Please output the entries that follow exactly, without a single image.

Data shown START

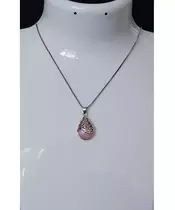 Silver Pendant "Drop 2 - Pink" (S925)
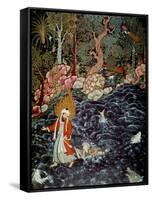 The Prophet Elijah Rescuing Prince Nur Ad-Dahr (From the Hamzanam), 1562-1577-Mir Sayyid Ali-Framed Stretched Canvas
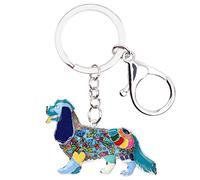 DUOWEI Porte-clés Cavalier King Charles Spaniel en émail pour sac à main - Cadeau pour femme et fille - bleu - Medium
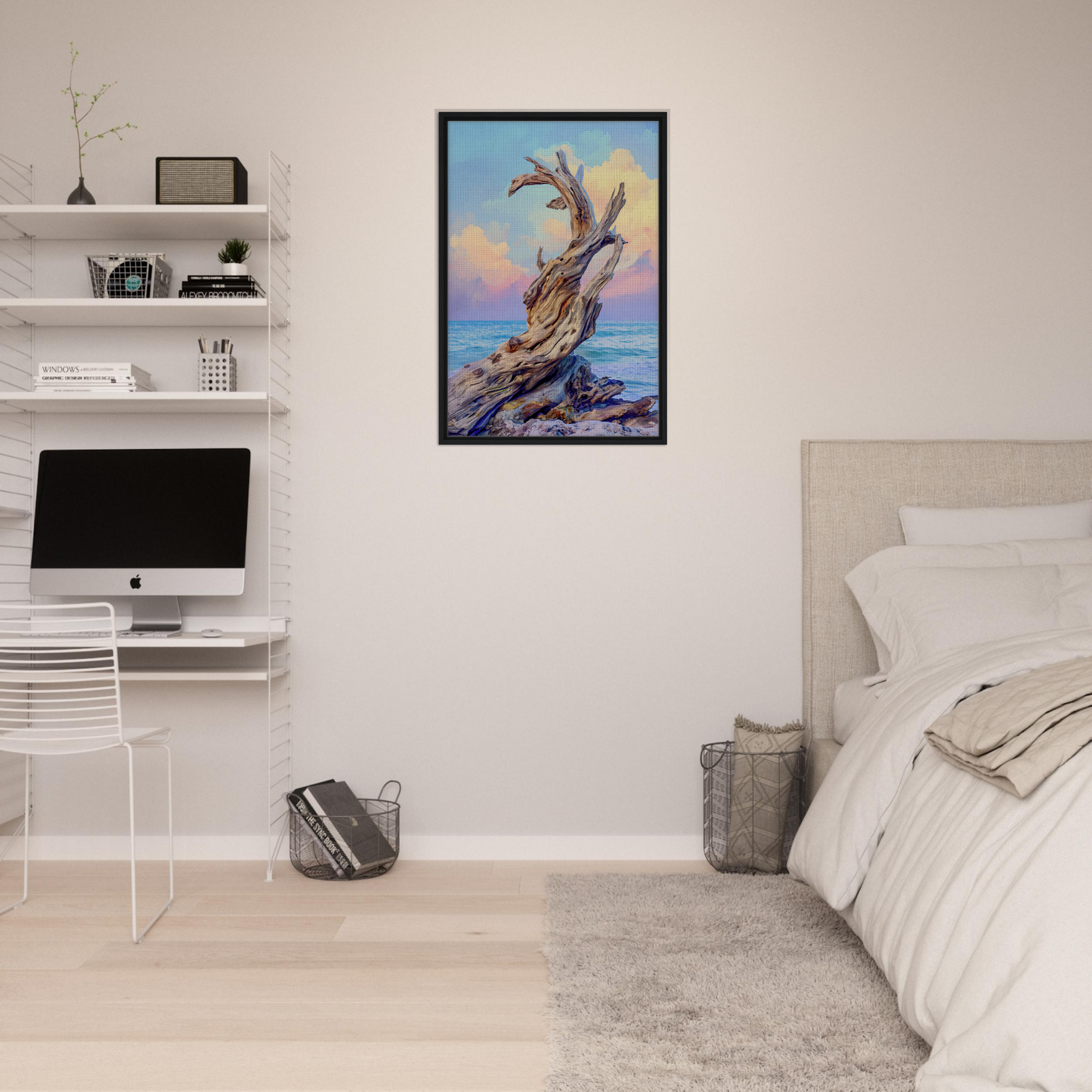 Framed canvas art featuring a twisted tree against a colorful sky in Seaweed Silence Ode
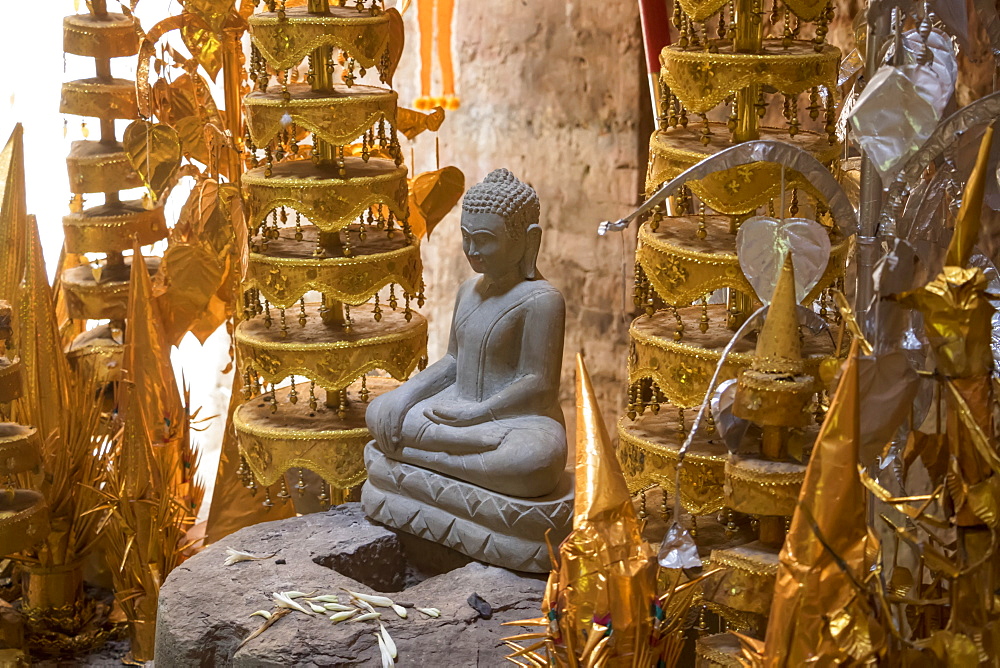 Buddhist shrine in the interior of a tower in Prasat Yeah Puon, the South Group, Sambor Prei Kuk, Kompong Thom, Cambodia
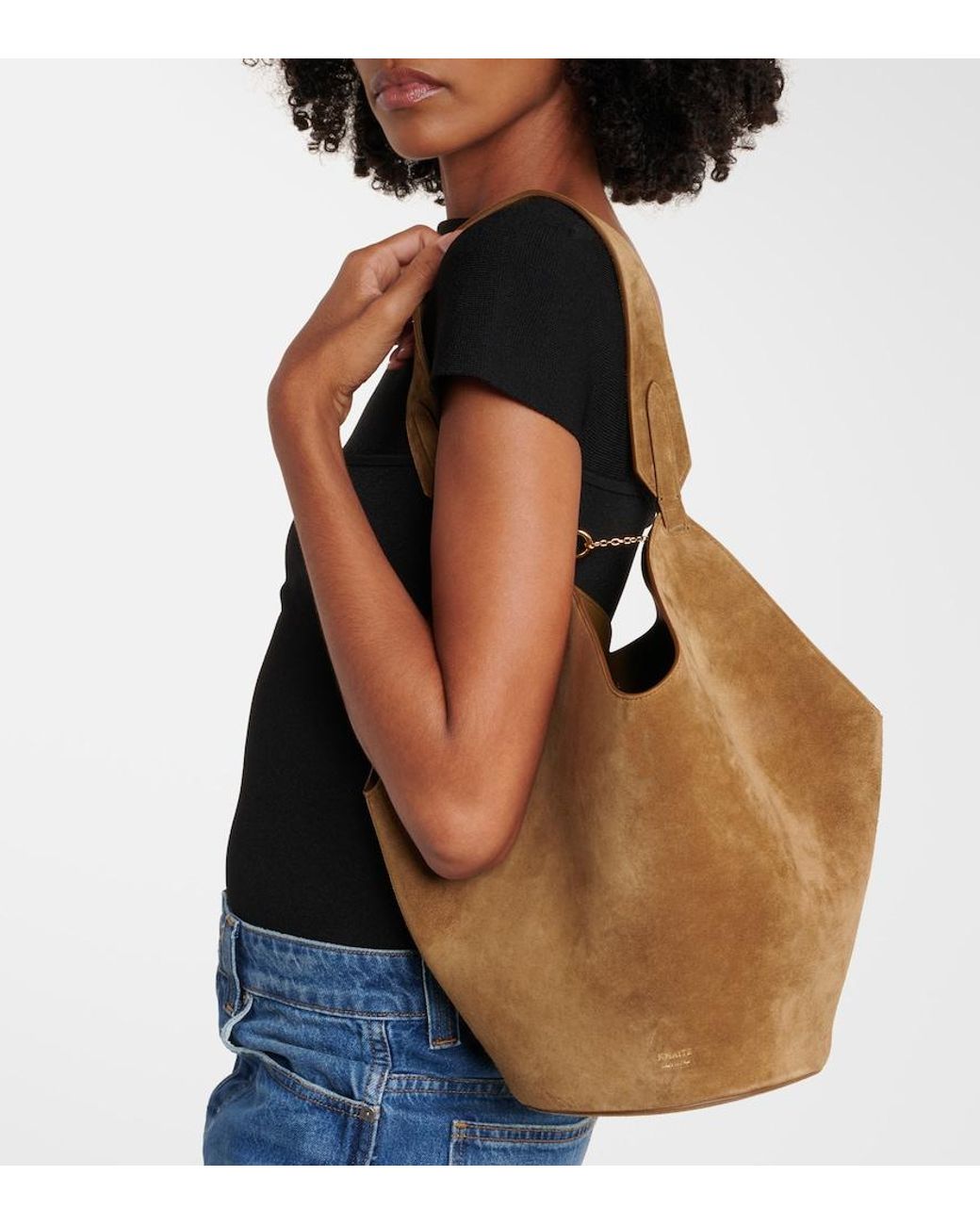 Khaite Brown Lotus Small Suede Tote Bag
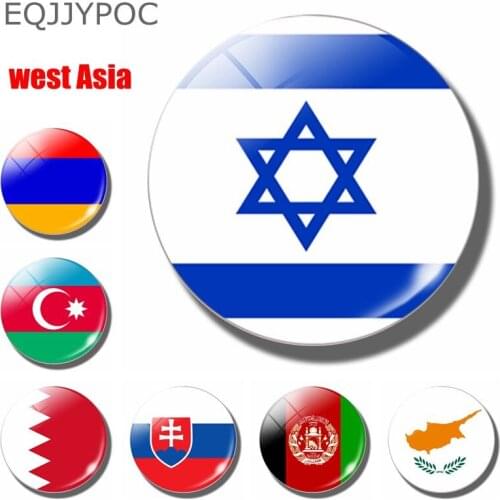 Israel National Flag 30 MM Fridge Magnet Souvenir Western Asian Countries Glass Dome Magnetic Refrigerator Stickers Home Decor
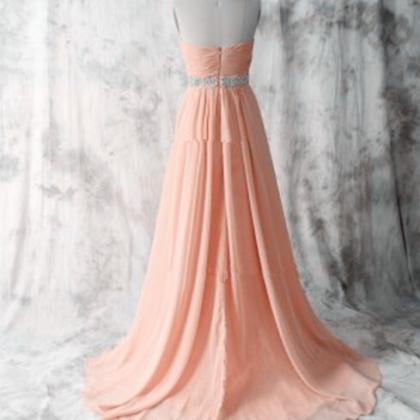 Simple Cute Handmade Pink Sweetheart Prom Dresses,..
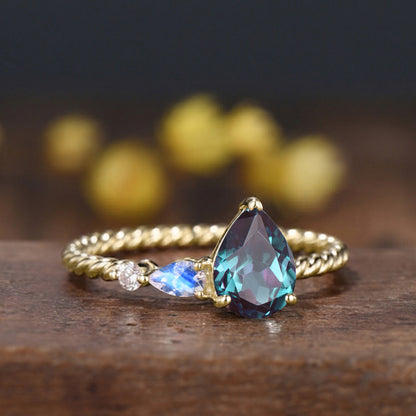 Vintage Alexandrite Moonstone Engagement Ring, 14k Rose Gold Twisted Band, Three Stone Promise Ring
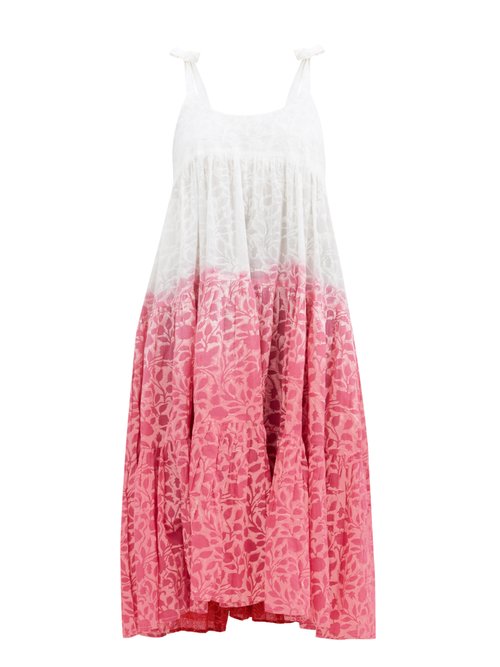 Juliet Dunn - Shadow Flower Ombré-dyed Cotton-gauze Dress Pink Print Beachwear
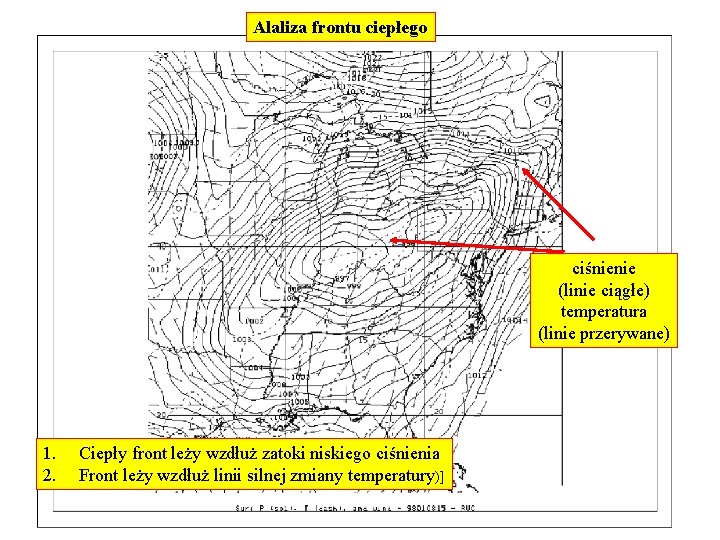Alaliza frontu ciepłego ciśnienie (linie ciągłe) temperatura (linie przerywane) 1. 2. Ciepły front leży Alaliza frontu ciepłego ciśnienie (linie ciągłe) temperatura (linie przerywane) 1. 2. Ciepły front leży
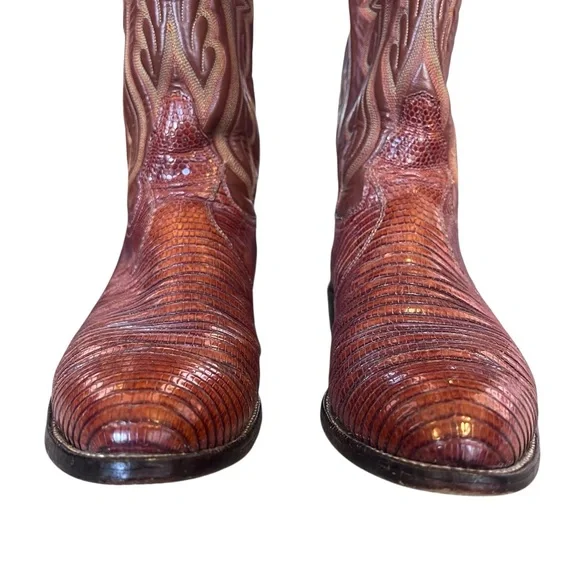 Tony Lama Men’s Sz 11D 8540 Brown Tan Exotic Leather Lizard Western Cowboy Boots - Picture 7 of 16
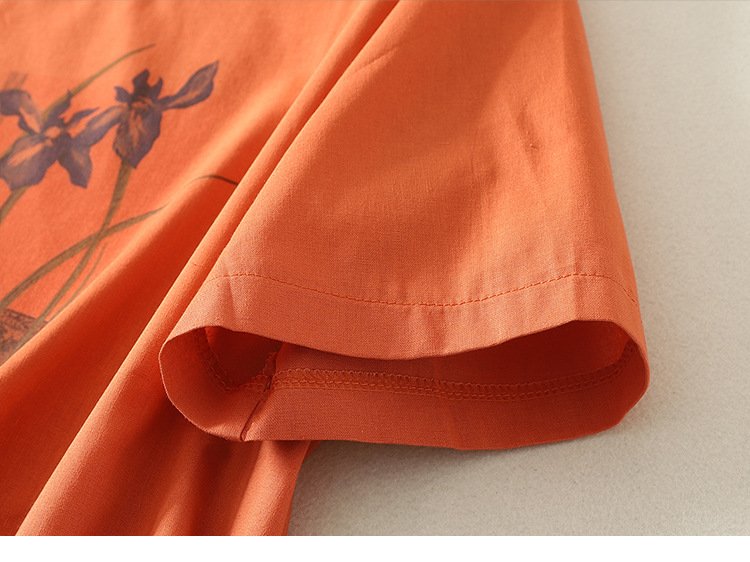 Tシャツ 半袖 プリント スリム コットン 綿 リネン 春夏 カジュアル きれいめ 通勤 春 夏 ラウンドネック シャツ 都会的 レギュラー ポリエステル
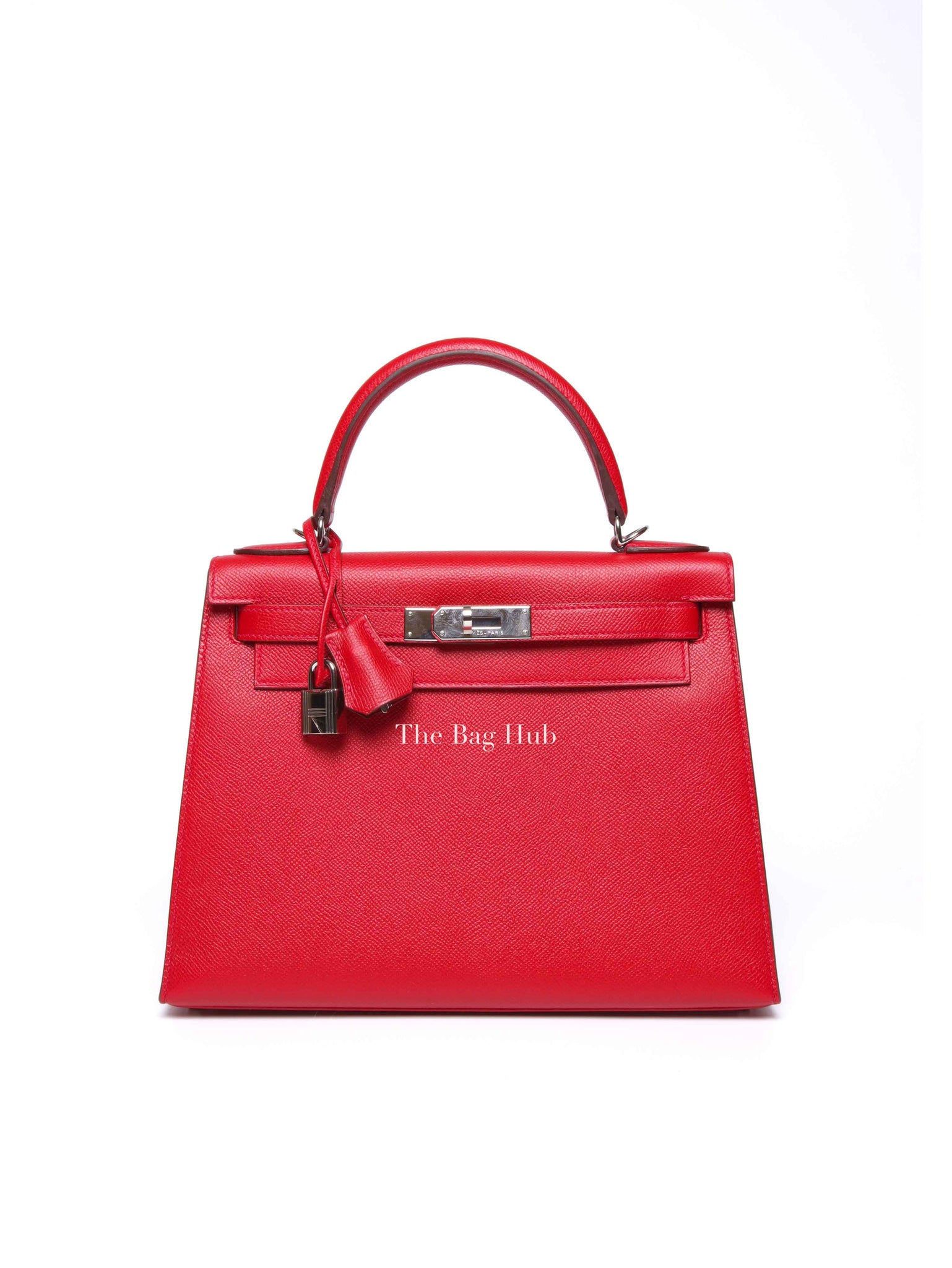 Hermes Rouge Epsom Leather Kelly 28 Bag PHW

Data shown END

| Answer area |
 Silver Pendant "Drop 2 - Pink" (S925)
 The Prophet Elijah Rescuing Prince Nur Ad-Dahr (From the Hamzanam), 1562-1577-Mir Sayyid Ali-Framed Stretched Canvas
 DUOWEI Porte-clés Cavalier King Charles Spaniel en émail pour sac à main - Cadeau pour femme et fille - bleu - Medium
 Framed canvas art featuring a twisted tree against a colorful sky in Seaweed Silence Ode
 Buddhist shrine in the interior of a tower in Prasat Yeah Puon, the South Group, Sambor Prei Kuk, Kompong Thom, Cambodia
 Khaite Brown Lotus Small Suede Tote Bag
 Israel National Flag 30 MM Fridge Magnet Souvenir Western Asian Countries Glass Dome Magnetic Refrigerator Stickers Home Decor
 Simple Cute Handmade Pink Sweetheart Prom Dresses,..
 Vintage Alexandrite Moonstone Engagement Ring, 14k Rose Gold Twisted Band, Three Stone Promise Ring
 Juliet Dunn - Shadow Flower Ombré-dyed Cotton-gauze Dress Pink Print Beachwear
Alaliza frontu ciepłego ciśnienie (linie ciągłe) temperatura (linie przerywane) 1. 2. Ciepły front leży Alaliza frontu ciepłego ciśnienie (linie ciągłe) temperatura (linie przerywane) 1. 2. Ciepły front leży
 Tony Lama Men’s Sz 11D 8540 Brown Tan Exotic Leather Lizard Western Cowboy Boots - Picture 7 of 16
 Tシャツ 半袖 プリント スリム コットン 綿 リネン 春夏 カジュアル きれいめ 通勤 春 夏 ラウンドネック シャツ 都会的 レギュラー ポリエステル
 Hermes Rouge Epsom Leather Kelly 28 Bag PHW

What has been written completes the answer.